-- Supplied information follows --

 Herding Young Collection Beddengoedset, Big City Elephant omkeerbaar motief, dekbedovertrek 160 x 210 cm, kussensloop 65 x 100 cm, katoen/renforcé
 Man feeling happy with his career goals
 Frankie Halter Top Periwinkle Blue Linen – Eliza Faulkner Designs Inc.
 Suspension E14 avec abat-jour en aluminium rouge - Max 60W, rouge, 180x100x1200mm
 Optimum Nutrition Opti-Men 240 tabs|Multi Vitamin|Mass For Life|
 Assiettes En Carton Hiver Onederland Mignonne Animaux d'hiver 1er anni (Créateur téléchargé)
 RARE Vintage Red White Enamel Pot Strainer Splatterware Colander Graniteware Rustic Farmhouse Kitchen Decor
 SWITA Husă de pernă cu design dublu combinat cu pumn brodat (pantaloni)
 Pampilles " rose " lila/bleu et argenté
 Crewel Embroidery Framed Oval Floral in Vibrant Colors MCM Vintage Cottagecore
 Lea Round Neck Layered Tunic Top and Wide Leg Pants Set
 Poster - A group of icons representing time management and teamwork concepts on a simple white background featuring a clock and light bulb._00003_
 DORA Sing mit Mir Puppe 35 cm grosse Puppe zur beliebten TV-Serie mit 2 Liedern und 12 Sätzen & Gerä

-- Supplied information concluded --

> **What is required**: Nothing but the lines from the one containing "Frankie Halter Top" through the last line of the material should be returned, each exactly as written, both ends included.

> **Answer to this task**:
 Frankie Halter Top Periwinkle Blue Linen – Eliza Faulkner Designs Inc.
 Suspension E14 avec abat-jour en aluminium rouge - Max 60W, rouge, 180x100x1200mm
 Optimum Nutrition Opti-Men 240 tabs|Multi Vitamin|Mass For Life|
 Assiettes En Carton Hiver Onederland Mignonne Animaux d'hiver 1er anni (Créateur téléchargé)
 RARE Vintage Red White Enamel Pot Strainer Splatterware Colander Graniteware Rustic Farmhouse Kitchen Decor
 SWITA Husă de pernă cu design dublu combinat cu pumn brodat (pantaloni)
 Pampilles " rose " lila/bleu et argenté
 Crewel Embroidery Framed Oval Floral in Vibrant Colors MCM Vintage Cottagecore
 Lea Round Neck Layered Tunic Top and Wide Leg Pants Set
 Poster - A group of icons representing time management and teamwork concepts on a simple white background featuring a clock and light bulb._00003_
 DORA Sing mit Mir Puppe 35 cm grosse Puppe zur beliebten TV-Serie mit 2 Liedern und 12 Sätzen & Gerä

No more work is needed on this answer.